Kemal Kılıçdaroğlu, “Devlet bize FETÖ’cüler konusunda bilgi versin, gereğini yapalım” demiş.
Devletin ve tabii hayatın her alanına sızmış FETÖ’cülerin CHP’yi boşladıklarını söylemek için saf olmak lazım.
CHP’de de var elbette bunlardan.
Hem de bol miktarda var.
Kötülüğü ele almış bir gazeteci olsam, “Neden önce kendinden şüphe etmiyorsun Kemal Bey?” diye sorardım. Tezimi haklı çıkaracak bir dolu malzeme sunardım.
Kılıçdaroğlu, neredeyse son üç yılı, Fetullahçı çetenin temin ettiği “tape” ve “ses kayıtları”nı tüketerek geçirdi.
Biri yerel, biri Cumhurbaşkanlığı, ikisi genel olmak üzere, son üç yılda dört büyük seçim yaşadık.
Kemal Bey tape okudu.
Dönüp dönüp tape okudu.
Miting meydanlarında, grup konuşmalarında, basın toplantılarında, televizyon mülakatlarında...
Bir ara öyle kaptırdı ki, Dışişleri Bakanlığı’nda yapılan gizli güvenlik toplantısında neler konuşulduğunu bile faş etti.

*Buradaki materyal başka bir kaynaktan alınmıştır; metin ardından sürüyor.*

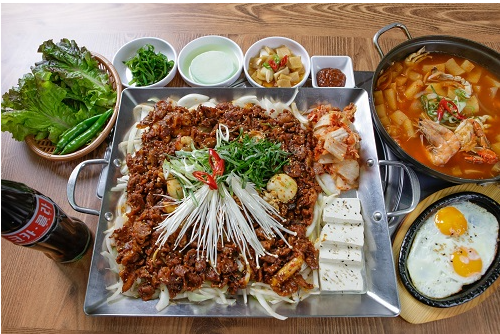창원 상남동 맛집 배불뚝이 소주, 생불고기 무한리필 제공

Bu zirvede konuşulanları sadece iki “kişi” doğru tahmin edebilmişti. Biri, arada sırada “yapıtlarıyla” Zaman gazetesinde de görülen eski bir polis şefi, diğeri de Kemal Kılıçdaroğlu...
Derken, FETÖ, mahut görüşmenin ses kaydını yayınladı.
Bilmişti.
Kemal Bey, Dışişleri zirvesinde neler konuşulduğunu, ses kaydı internete düşmeden önce bilmişti.
Bu iş nasıl mı olmuştu?
Şöyle:
Biri zirvenin yapılacağı mekâna “böceklerini” yerleştirdi, biri dinledi, biri kaydetti, biri yayınladı... Biri de, “Hani bana, hani bana?” diyen Kemal Bey’e o kayıtları ulaştırdı.

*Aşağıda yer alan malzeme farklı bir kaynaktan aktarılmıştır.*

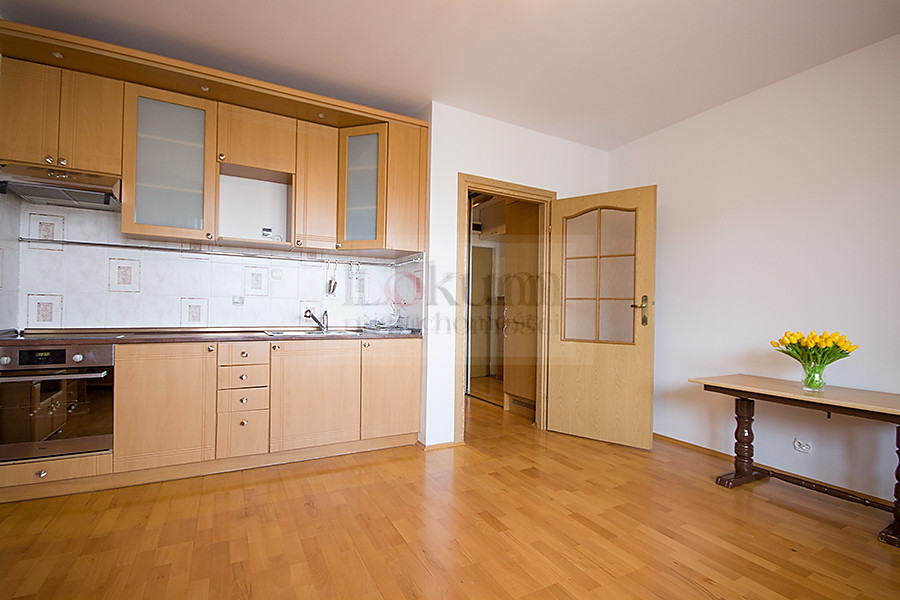 Białołęka - kawalerka z garażem - zdjęcie 7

Şunu demeye çalışıyorum: FETÖ’yle arasına zorunlu mesafe koyan ve artık rahatça “FETÖ” diyebilen Kemal Bey bu örgütün yapıp ettikleri konusunda o kadar da cahil değil.
Bir şeyler biliyor.
Dolayısıyla, devletin bilgilendirmesini beklemesine gerek yok.
Bir şey yapmak istiyorsa, yapsın.
İşe de en yakınından başlasın.
Mesela, “danışmanlarını” gözden geçirsin.